**REQUIRED WORK**:
Return the lines of the listing below exactly as they appear, beginning at the one with "Now data from" and stopping after the one with "The NOI approach"; do not include pictures.

**DATA EXCERPTS**:
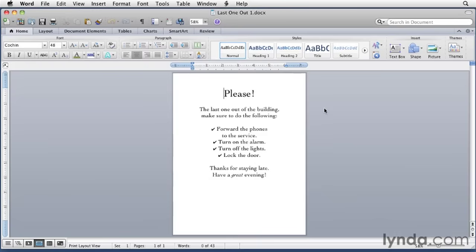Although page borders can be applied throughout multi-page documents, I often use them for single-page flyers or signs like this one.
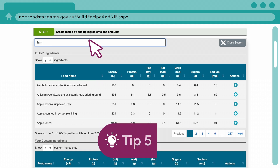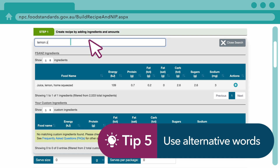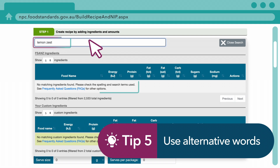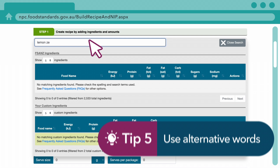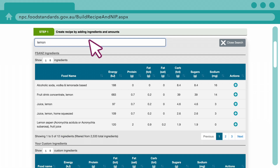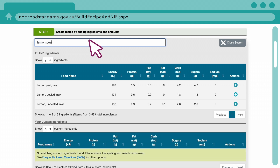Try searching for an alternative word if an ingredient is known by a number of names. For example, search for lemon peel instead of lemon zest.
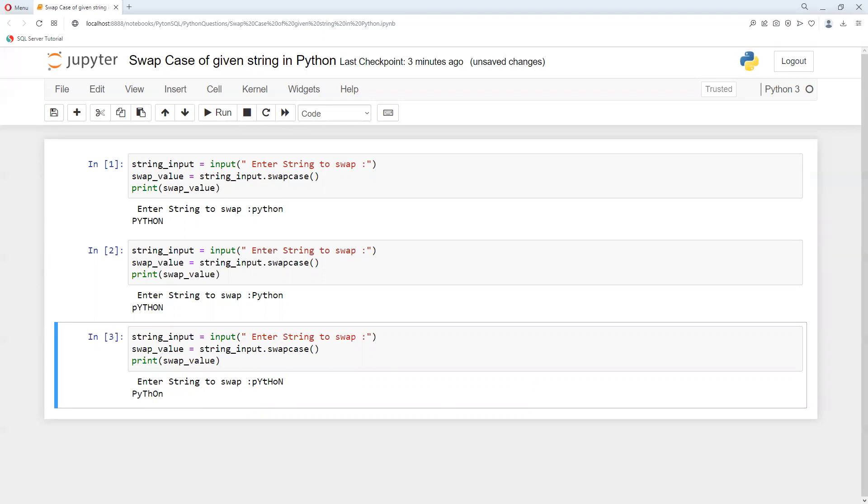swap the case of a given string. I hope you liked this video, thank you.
---
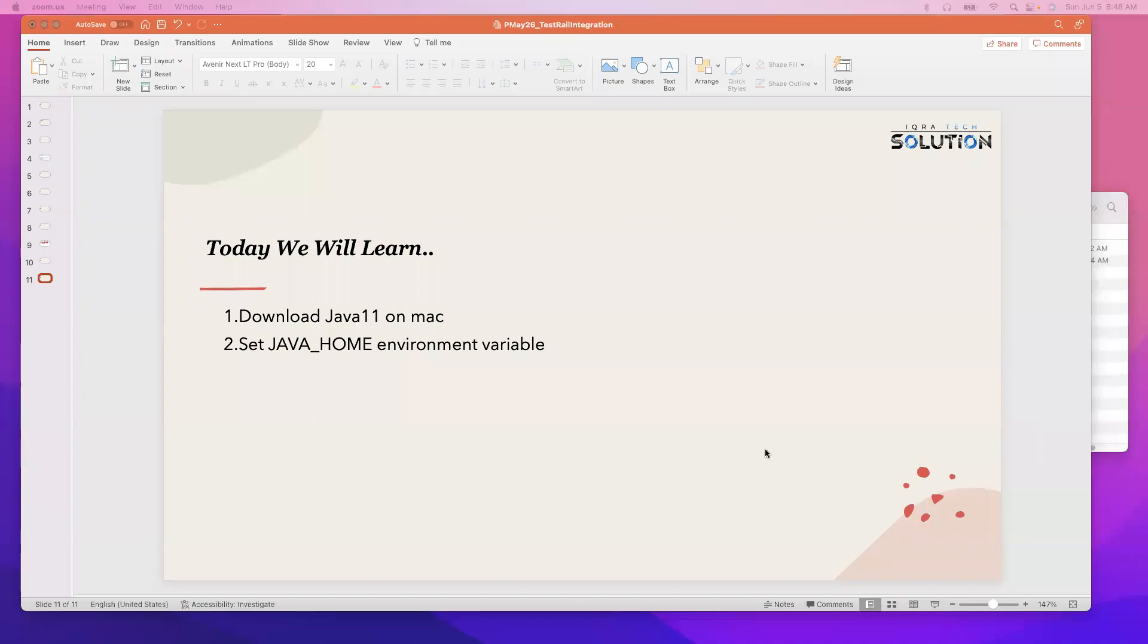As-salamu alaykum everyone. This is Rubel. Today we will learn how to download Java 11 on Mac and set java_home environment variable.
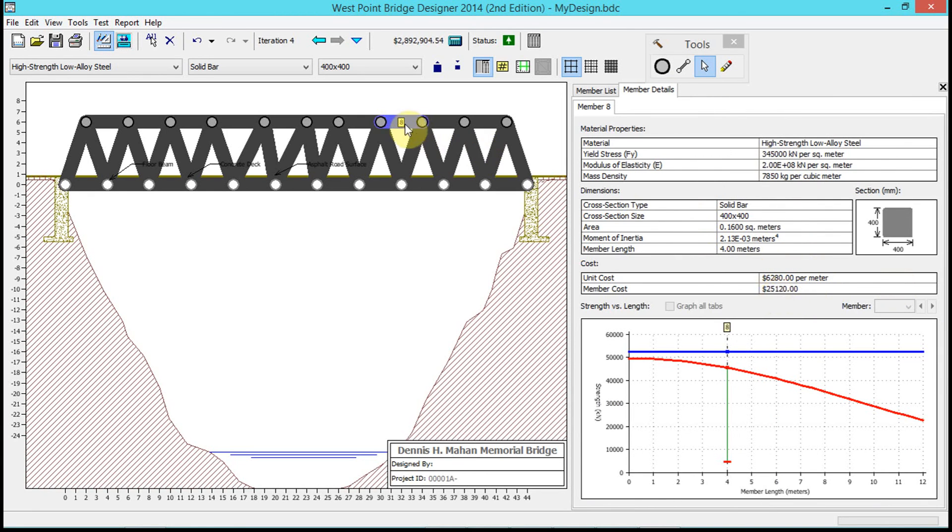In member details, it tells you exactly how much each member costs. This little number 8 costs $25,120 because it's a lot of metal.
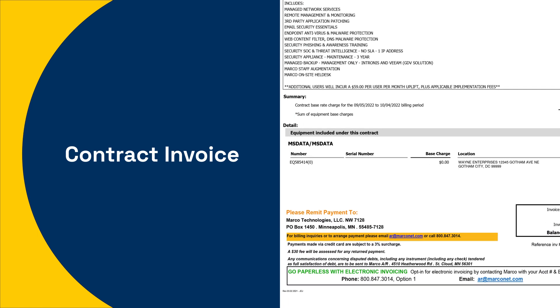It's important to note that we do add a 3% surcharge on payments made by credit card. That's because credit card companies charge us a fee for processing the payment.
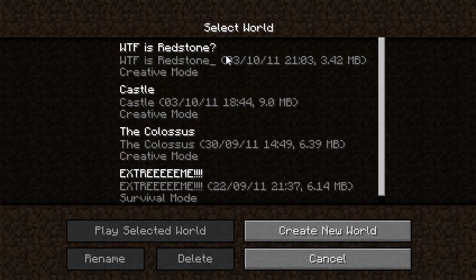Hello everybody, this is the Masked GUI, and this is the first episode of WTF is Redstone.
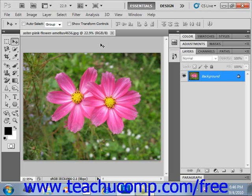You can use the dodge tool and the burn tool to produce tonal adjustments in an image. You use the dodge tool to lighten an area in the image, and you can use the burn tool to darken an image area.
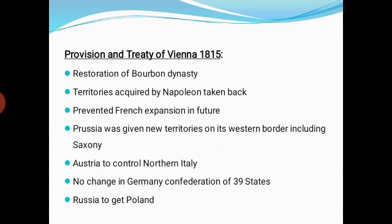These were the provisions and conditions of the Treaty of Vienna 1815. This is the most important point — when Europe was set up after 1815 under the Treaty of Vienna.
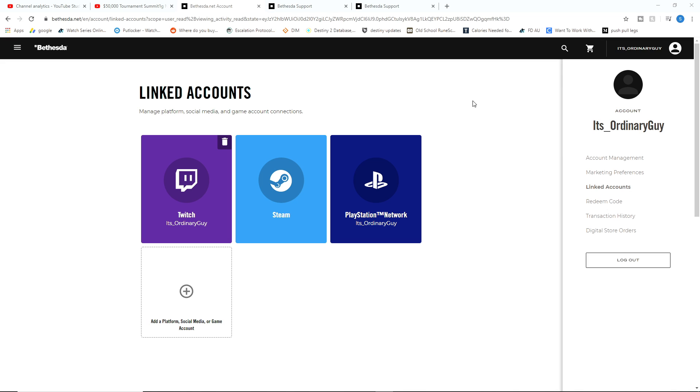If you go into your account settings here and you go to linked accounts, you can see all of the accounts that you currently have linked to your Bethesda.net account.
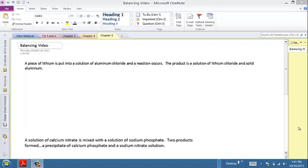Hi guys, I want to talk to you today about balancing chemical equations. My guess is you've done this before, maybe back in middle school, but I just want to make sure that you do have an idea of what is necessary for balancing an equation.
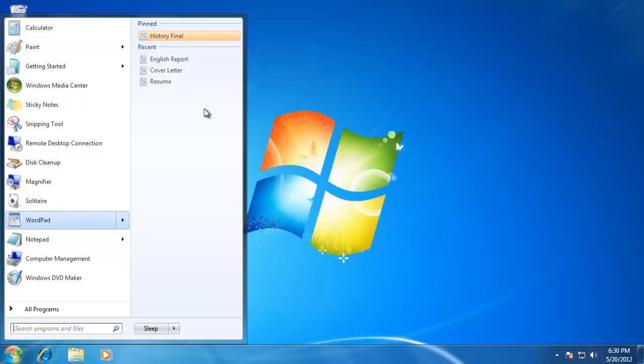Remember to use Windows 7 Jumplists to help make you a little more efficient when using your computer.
* * *
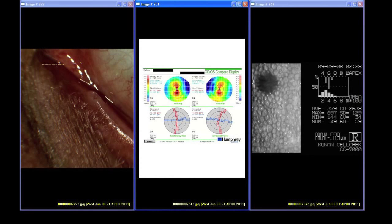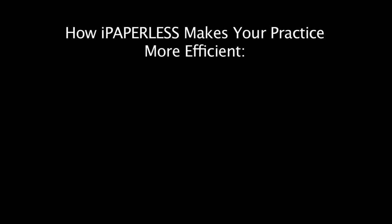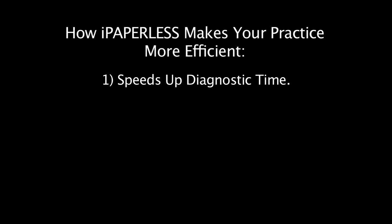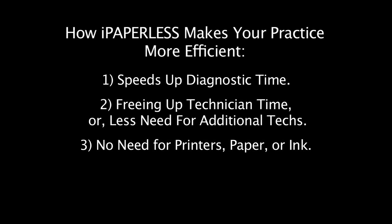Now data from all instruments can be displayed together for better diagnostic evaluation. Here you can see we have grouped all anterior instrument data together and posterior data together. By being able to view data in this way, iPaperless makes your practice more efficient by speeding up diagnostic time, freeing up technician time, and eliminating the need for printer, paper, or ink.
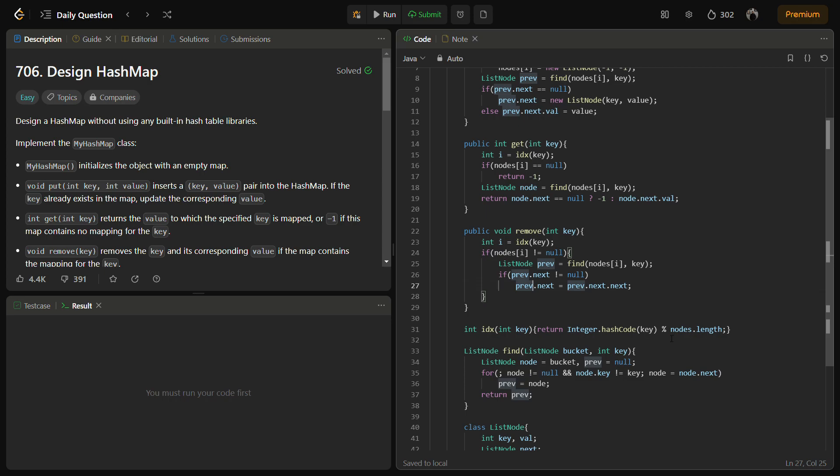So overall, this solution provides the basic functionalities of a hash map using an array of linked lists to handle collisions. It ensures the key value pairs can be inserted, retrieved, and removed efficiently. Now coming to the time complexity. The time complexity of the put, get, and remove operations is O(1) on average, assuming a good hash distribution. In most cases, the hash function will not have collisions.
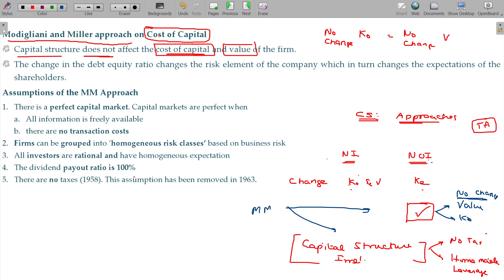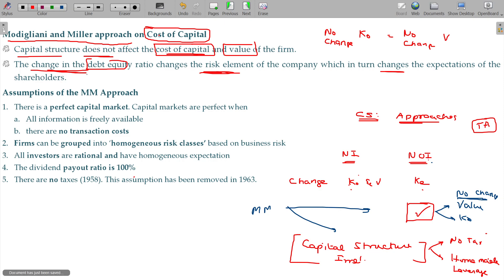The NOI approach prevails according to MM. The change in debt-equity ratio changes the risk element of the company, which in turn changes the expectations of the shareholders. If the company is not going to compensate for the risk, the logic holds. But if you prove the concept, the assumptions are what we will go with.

**EXERCISE RESPONSE**:
Now data from all instruments can be displayed together for better diagnostic evaluation. Here you can see we have grouped all anterior instrument data together and posterior data together. By being able to view data in this way, iPaperless makes your practice more efficient by speeding up diagnostic time, freeing up technician time, and eliminating the need for printer, paper, or ink.
So overall, this solution provides the basic functionalities of a hash map using an array of linked lists to handle collisions. It ensures the key value pairs can be inserted, retrieved, and removed efficiently. Now coming to the time complexity. The time complexity of the put, get, and remove operations is O(1) on average, assuming a good hash distribution. In most cases, the hash function will not have collisions.
The NOI approach prevails according to MM. The change in debt-equity ratio changes the risk element of the company, which in turn changes the expectations of the shareholders. If the company is not going to compensate for the risk, the logic holds. But if you prove the concept, the assumptions are what we will go with.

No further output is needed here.